Eligibility criteria
Detailed inclusion and exclusion criteria are outlined in the study protocol [14]. To conduct a thorough systematic review, all original research reporting on XR training for medical first responders, i.e., experimental, quasi-experimental, and observational studies included. The study population were MFRs, defined as healthcare professionals from the emergency medical service, including students and residents, but excluding in-hospital healthcare providers. The intervention included educational activities or training using extended reality simulation: virtual reality, mixed reality and augmented reality (Table 1). Studies with no control group (e.g., before and after) and those comparing groups of participants using different interventions (i.e., XR vs. another type of simulation or training) were selected. The settings were simulated scenarios of mass casualty incidents in an out-of-hospital environment, including those caused by natural disasters or human-made.
The outcomes of interest are the effectiveness of the XR simulation training for MFRs in mass casualty incidents and the perception of MFRs. There is no standard definition for these outcomes and how to assess them; thus, these were determined based on the information reported in the included articles (Table 1). For instance, participants’ experience could be interpreted as satisfaction, opinion, acceptability, or usability. At the same time, effectiveness can also have many definitions, including triage accuracy, time to triage, or intervention correctness. Studies describing the development of an XR simulation but not reporting the training effectiveness were excluded.
These outcomes were classified within Kirkpatrick levels (Table 2), as it is the most effective and most used approach for evaluating training [16]. The metrics and tools used for effectiveness were also captured to better address the secondary questions.
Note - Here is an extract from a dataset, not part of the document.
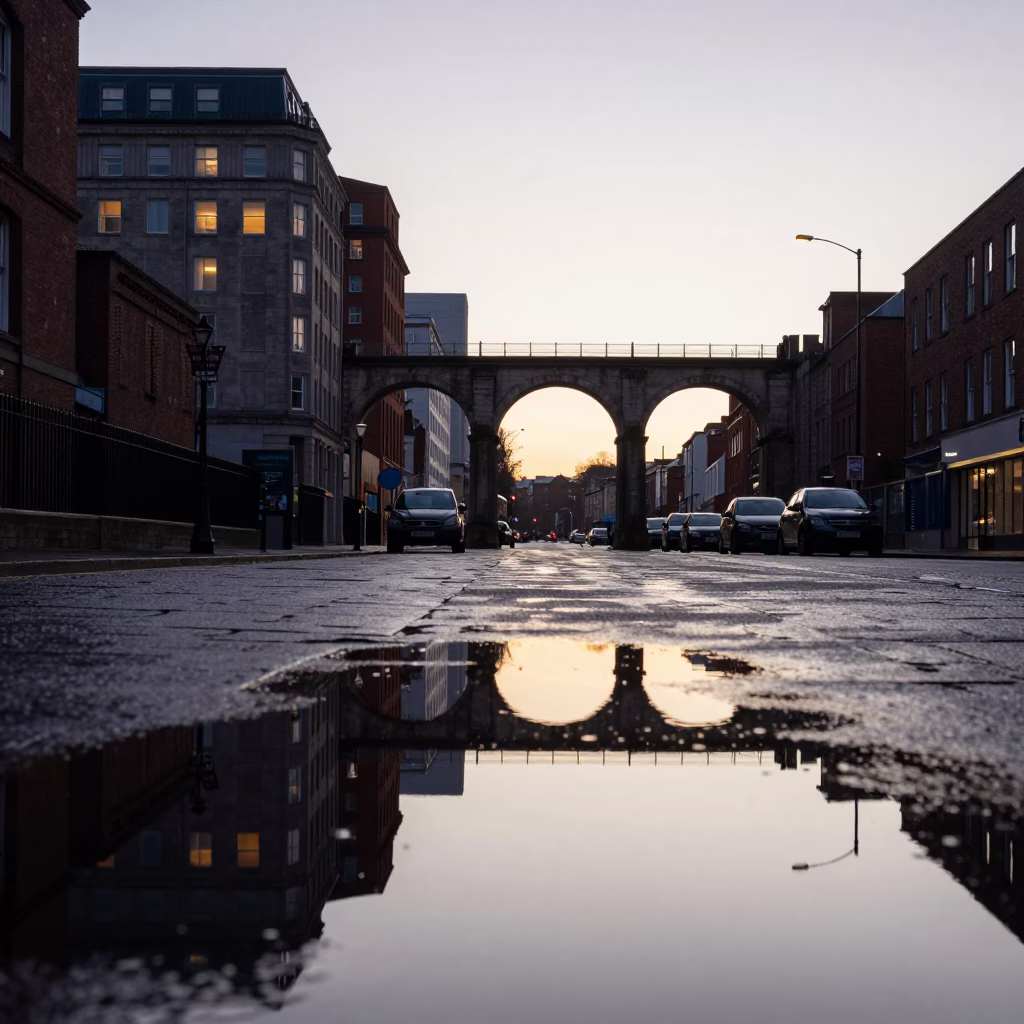 Liverpool Dawn Reflections on Wet Pavement Near Railway Viaduct Arches in in Liverpool, United Kingdom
Information sources and search strategy
The following databases were searched with no date, country, or language restrictions: MEDLINE (Medical Literature Analysis and Retrieval System Online), EMBASE (Excerpta Medica Database), CINAHL (Cumulative Index to Nursing and Allied Health Literature), and LILACS (transl. Latin American and Caribbean Literature in Health Sciences). To capture additional studies, grey literature was reviewed. Field experts were also contacted for further information about ongoing or unpublished studies.
After consulting with a research librarian, the search strategy was organized into four broad themes: [1] medical first responders (participants); [2] mass casualty incidents (setting); [3] education and simulation (intervention); and [4] extended reality (intervention). MeSH terms, titles and abstracts, and keywords were searched within each theme using the Boolean operator “OR”, and the four searches were then combined using the Boolean operator “AND”. The proposed keywords and MeSH terms used are available within the study protocol, as well as an example search strategy [14].
Selection process and data collection
Both abstract and full-text screening phases will be done independently and in duplicate with the support of Covidence. This web-based software platform streamlines the screening and data extraction processes. Identified records were compiled in the reference management software Endnote™, and then uploaded into Covidence. Following the above eligibility criteria, titles and abstracts were first scanned to select articles for in-depth analysis if: (1) both reviewers agreed or (2) the abstract did not provide sufficient information to decide. During the full-text screening stage, studies were selected if agreement was found. Conflicts between reviewers were identified and discussed by the team until an agreement was reached. Study authors were contacted when necessary for further clarification if crucial information was missing from the included articles.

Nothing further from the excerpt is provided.